WASHINGTON (Reuters) – U.S. Senate Democrats on Monday expected a ruling from a House arbitrator this week on whether they can override the legislature’s normal rules to pass a $430 billion drug, energy and tax bill. dollars over Republican objections.
The decision of the arbitrator, officially known as the “parliamentarian”, will have a profound impact on President Joe Biden’s domestic agenda heading into the midterm elections on November 8, when Republicans are the favorites to regain control of the House of Representatives and perhaps the Senate amid voter discontent over inflation.
Senate Majority Leader Chuck Schumer confirmed Monday that he planned to start the debate this week.
Under the “reconciliation” procedure that Democrats hope to use to pass the bill, only a simple majority vote in the 100-member house would be needed to push the bill through, rather than the 60 needed to pass the bill. most laws.

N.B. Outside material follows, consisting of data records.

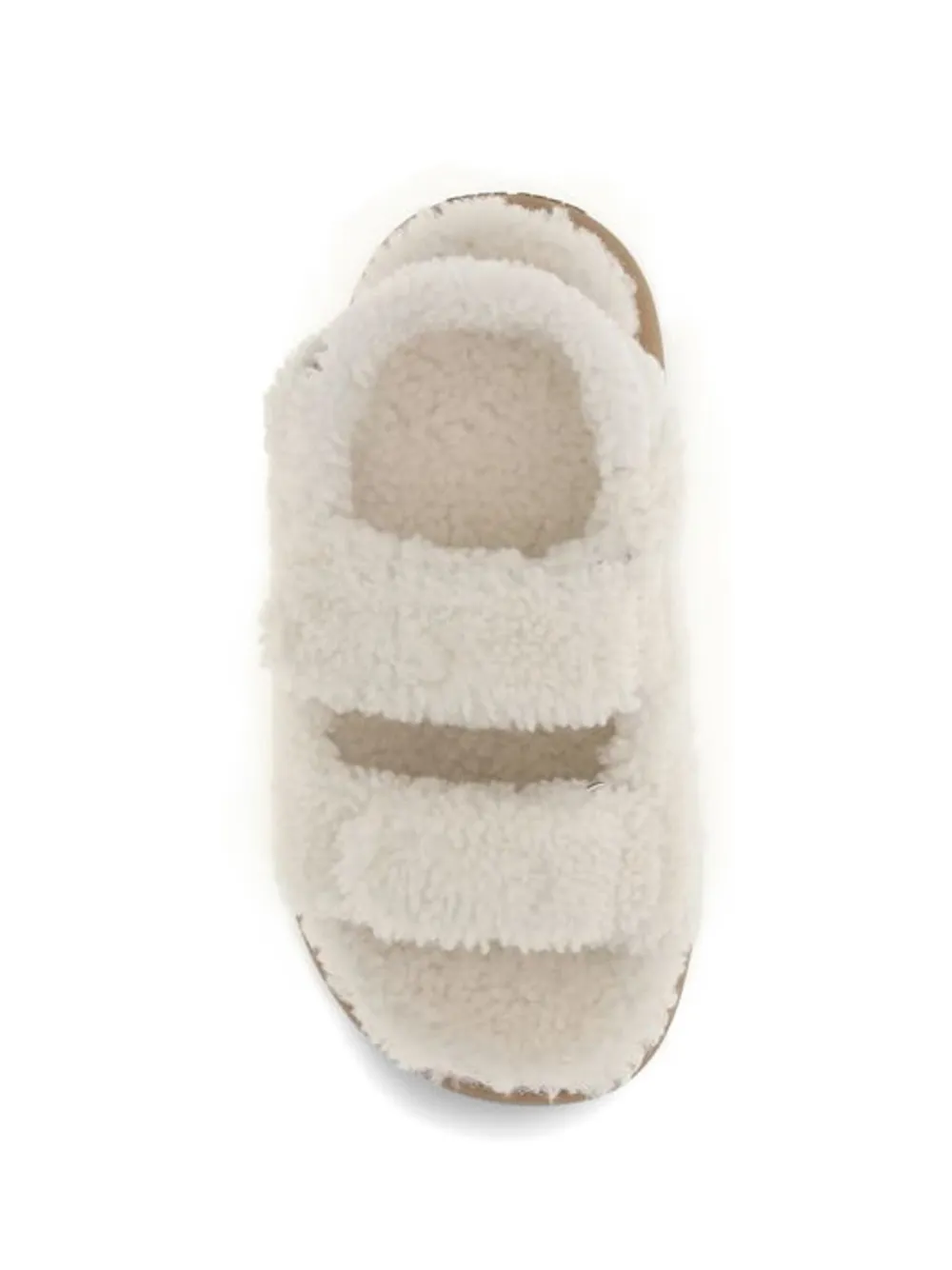 Moon Boot touch-strap sandals Wit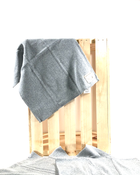Shop Burt's Bees Baby Burp Cloths, 5-Pack, Heather Grey at Goodbuygears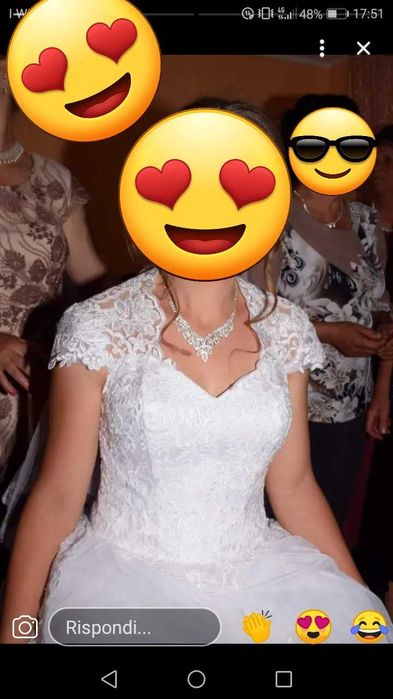 Vand rochie de mireasa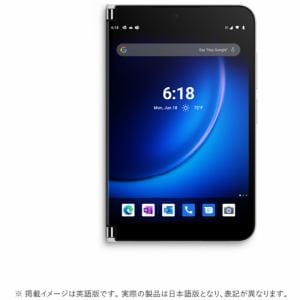 Surface Duo2 128GB 日本正規品　グレイシア SIMフリー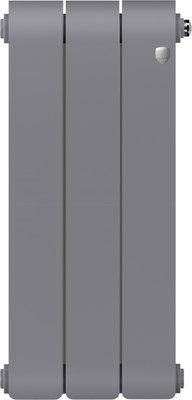 Радиатор биметаллический Royal Thermo Infinity 500 Silver Satin - фото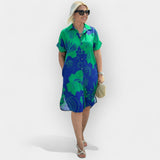 Summer Floral Print Dress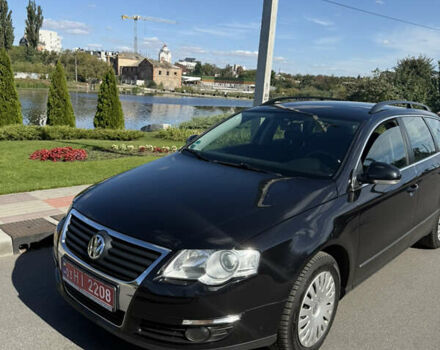 Чорний Фольксваген Пассат, об'ємом двигуна 1.4 л та пробігом 260 тис. км за 7300 $, фото 1 на Automoto.ua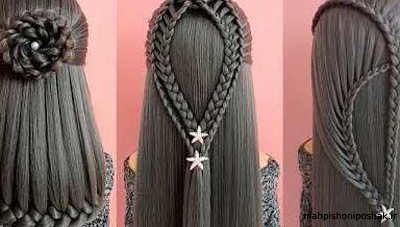 مدل بافت دخترانه مجلسی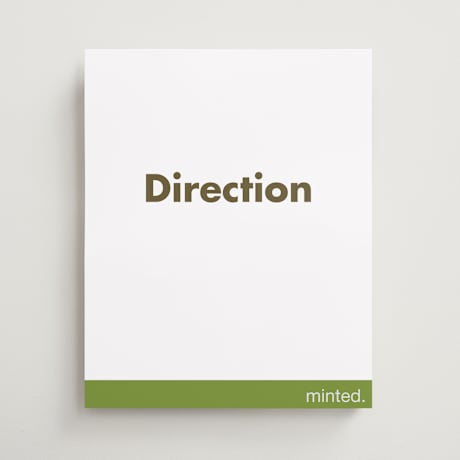 Direction Signs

With the Senate split 50-50 between Democrats and Republicans, the process would allow passage, as Democratic Vice President Kamala Harris could break any tied votes and secure a win for Biden.

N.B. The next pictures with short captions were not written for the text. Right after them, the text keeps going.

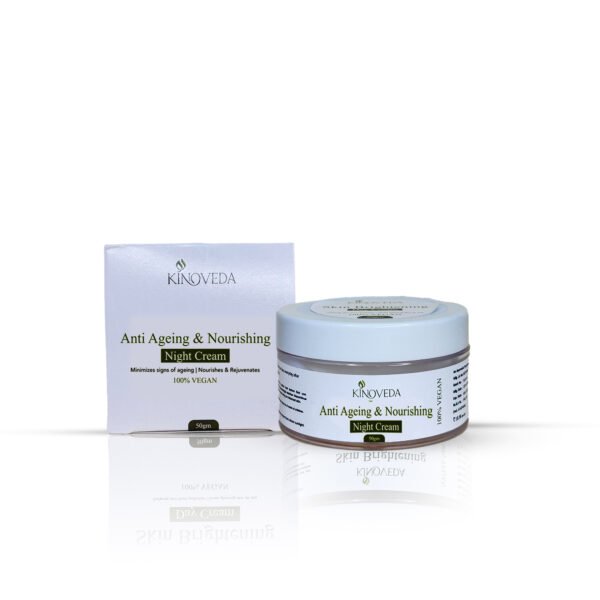 Kinoveda Anti Ageing & Nourishing Night Cream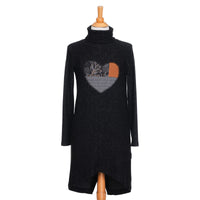 Robe Michel-Ange Charcoal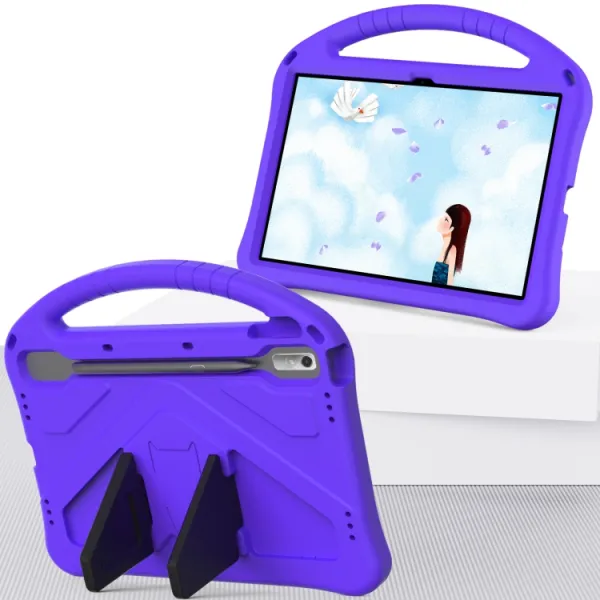 KIDDO Detský obal pre Lenovo Tab P11 Pro Gen2 fialový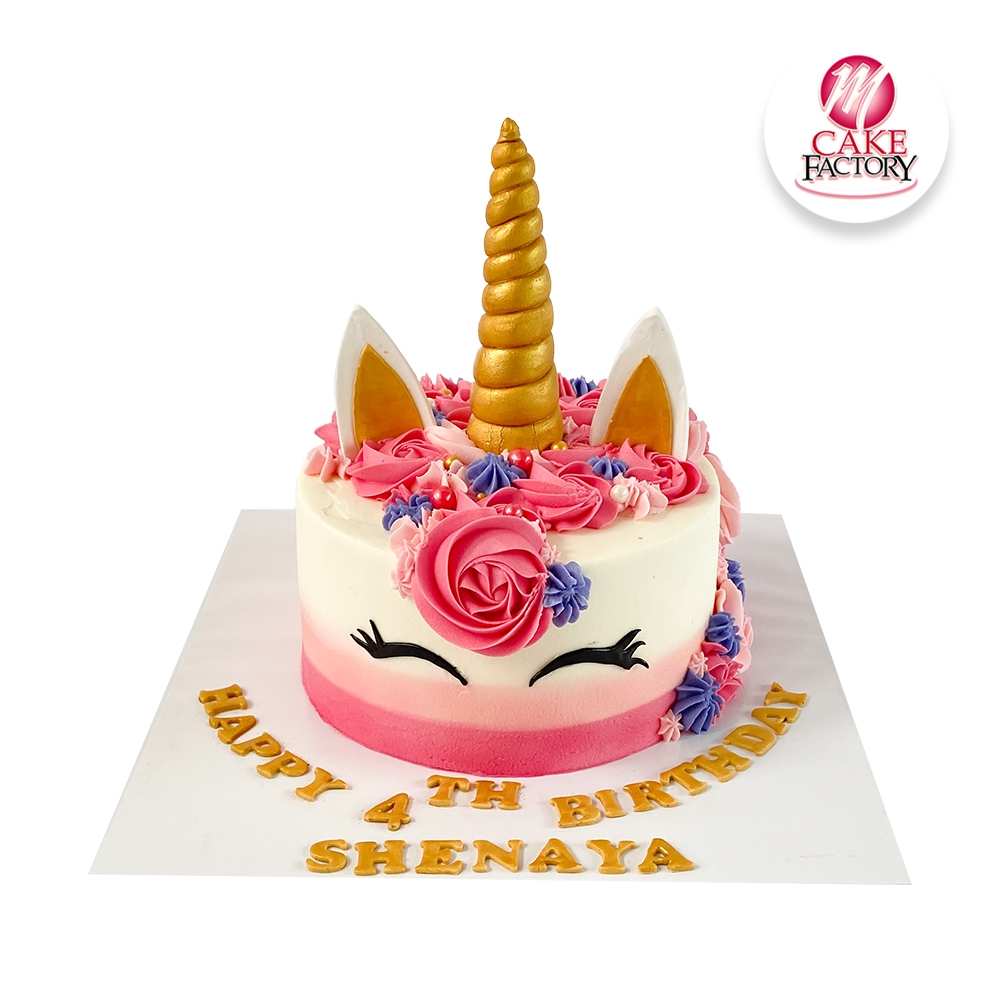 UNICORN Birthday Cake (1.5kg)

The bill being reviewed by the Senate MP was crafted by Democratic Sen. Joe Manchin, who has often stood in the way of Biden’s key priorities, and with the blessing of Senate Majority Leader Chuck Schumer. .
However, it remains unknown whether Democratic Sen. Krysten Sinema, like Manchin, a maverick in the caucus, will lend her support.

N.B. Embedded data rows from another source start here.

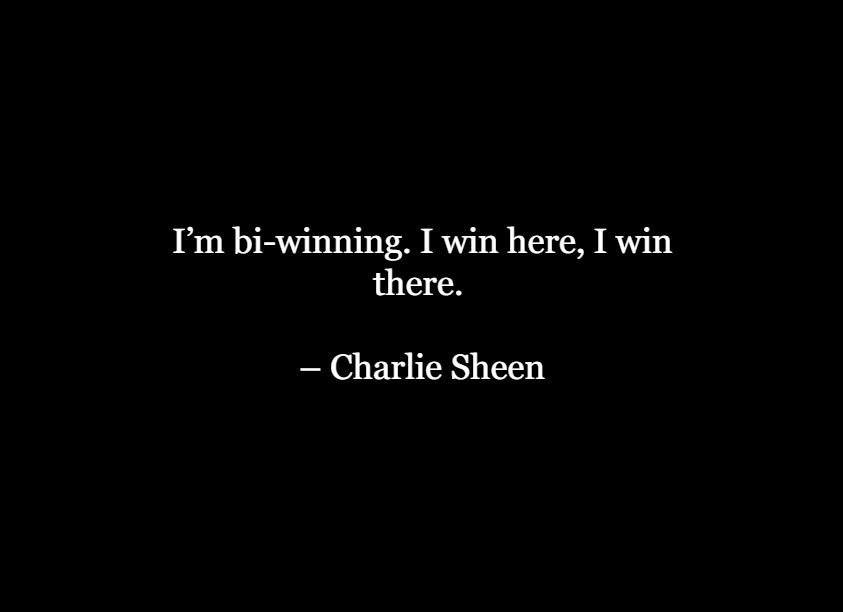 Charlie Sheen Quotes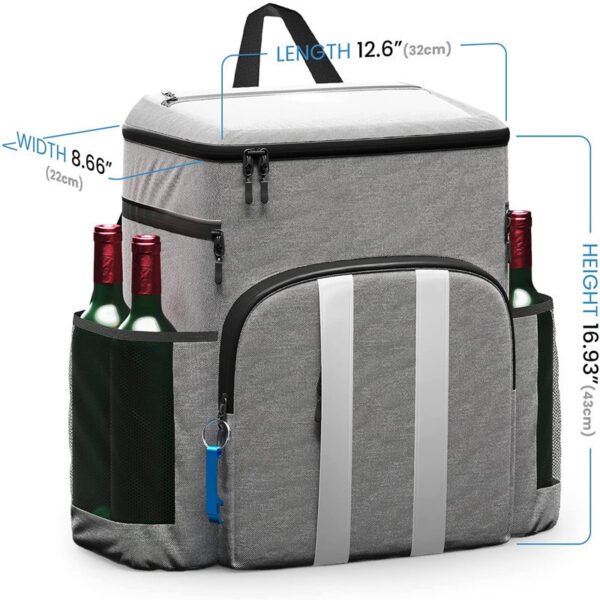 Large Capacity Refrigerated Backpack Picnic Insulation - Image 2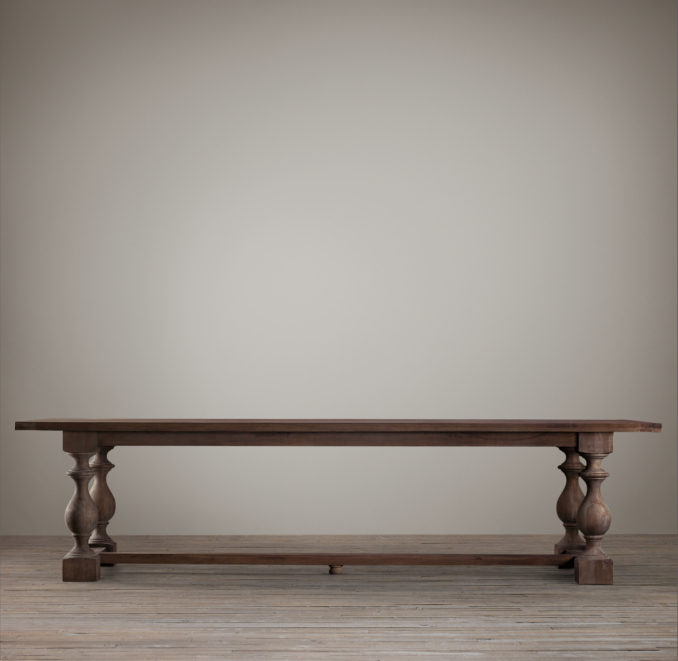 17th C. Monastery Dining Tables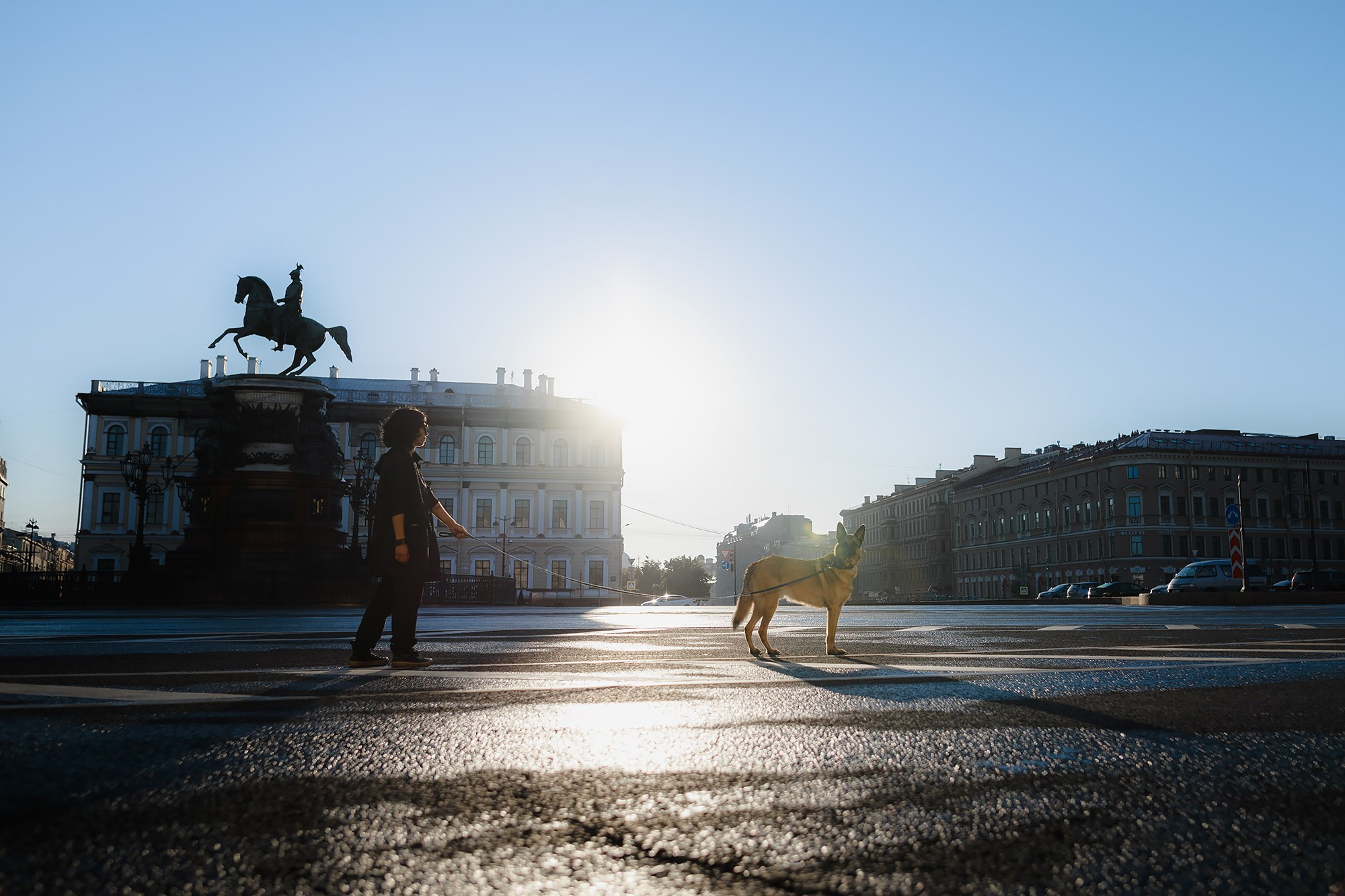 Алена, Кай и Мара. Фотограф-анималист Mary Mart — Москва, Питер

A Sinema spokesman said it was still reviewing the bill and would also wait to see what provisions, if any, the parliamentarian allows to remain in the bill.
Without Sinema’s vote, the entire effort could be doomed, as Republicans were not expected to vote for what Democrats are calling the “Inflation Reduction Act of 2022.”
It would provide new federal funding for a significant reduction in US carbon dioxide emissions that contribute to climate change and allow Medicare, the federal health insurance program for the elderly and disabled, to negotiate lower pharmaceutical prices. Tax increases targeted at the wealthy would partially offset costs, and lower drug prices would also save the government money, supporters of the bill say.
But Republicans have been attacking the measure, arguing that it will violate Biden’s promise not to raise taxes on those earning less than $400,000 a year. Senator Mike Crapo, the top Republican on the Senate Finance Committee, criticized the bill by publishing an analysis he requested from the Joint Committee on Taxation (JCT), a nonpartisan congressional panel.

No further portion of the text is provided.